Method to be defined by user that returns the PyTorch optimizer used to train models locally Return value can be a single torch optimizer or a dictionary of string and torch optimizer. Returning multiple optimizers is useful in methods like APFL which has a different optimizer for the local and global models.

Parameters:

config (Config) – The config sent from the server.

Returns:

An optimizer or dictionary of optimizers to train model.

Return type:

Optimizer | dict[str, Optimizer]

Raises:

NotImplementedError – To be defined in child class.
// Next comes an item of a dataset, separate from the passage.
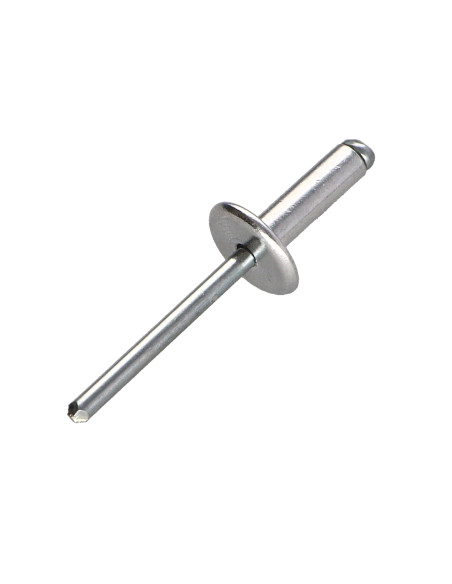 Blindklinknagels Aluminium Staalstaaf 5X25 cabeça EXTRA larga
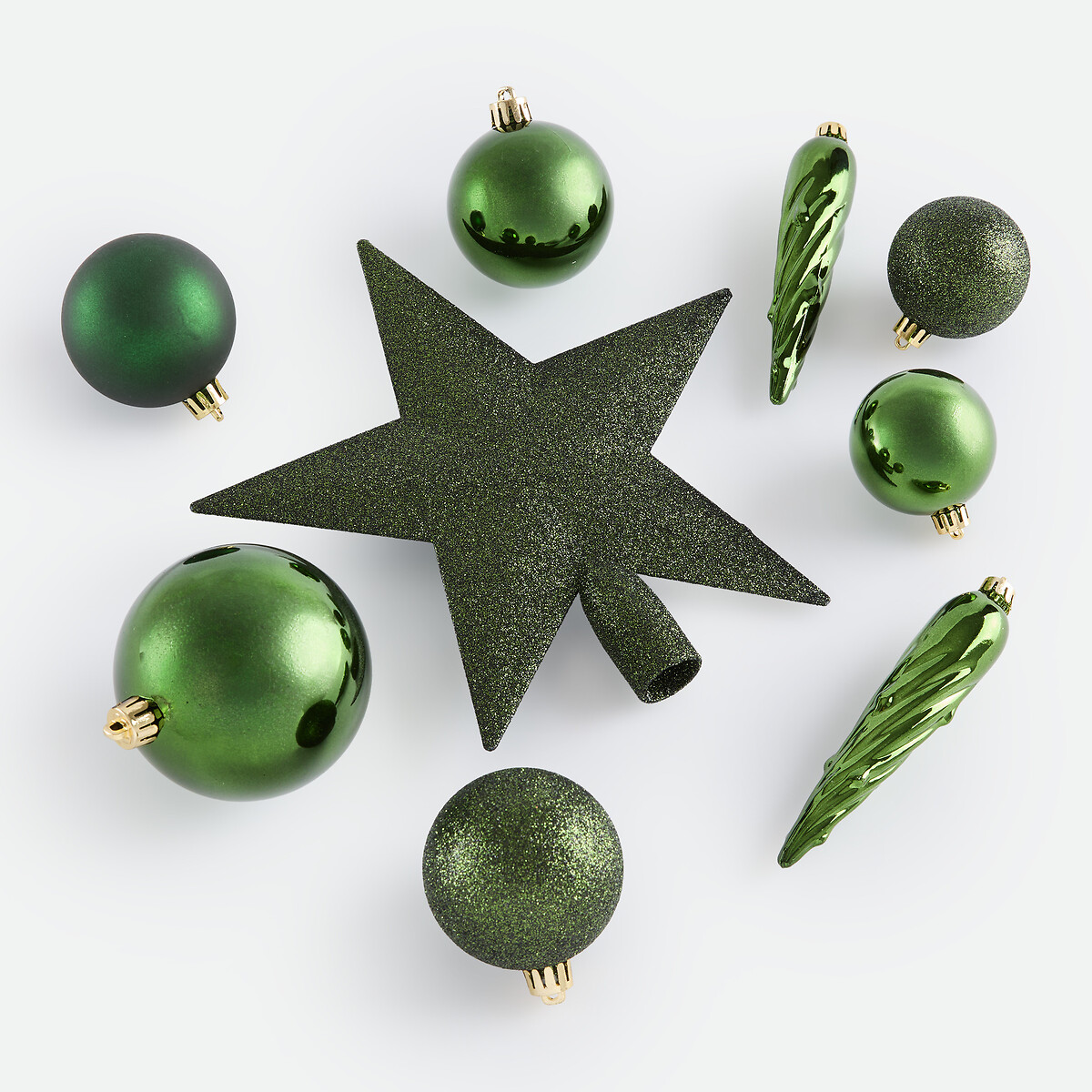 Coffret de 33 boules de Noël, CASPAR vert, LA REDOUTE INTERIEURS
get_parameter_exchanger(config)[source]

Returns Full Parameter Exchangers. Subclasses that require custom Parameter Exchangers can override this.

Parameters:

config (Config) – The config from server.

Returns:

Used to exchange parameters between server and client.

Return type:

ParameterExchanger

get_parameters(config)[source]

Determines which parameters are sent back to the server for aggregation. This uses a parameter exchanger to determine parameters sent.

Parameters:

config (Config) – The config is sent by the FL server to allow for customization in the function if desired.

Returns:

These are the parameters to be sent to the server. At minimum they represent the relevant model

parameters to be aggregated, but can contain more information.

Return type:

NDArrays

get_properties(config)[source]

Return properties (train and validation dataset sample counts) of client.

Parameters:

config (Config) – The config from the server.

Returns:

A dictionary with two entries corresponding to the sample counts in

the train and validation set.

Return type:

dict[str, Scalar]

get_test_data_loader(config)[source]

User defined method that returns a PyTorch Test DataLoader. By default, this function returns None, assuming that there is no test dataset to be used. If the user would like to load and evaluate a dataset,

they need only override this function in their client class.

Parameters:

config (Config) – The config from the server.

Return type:

DataLoader | None

Returns:

DataLoader | None. The optional client test loader. Returns None.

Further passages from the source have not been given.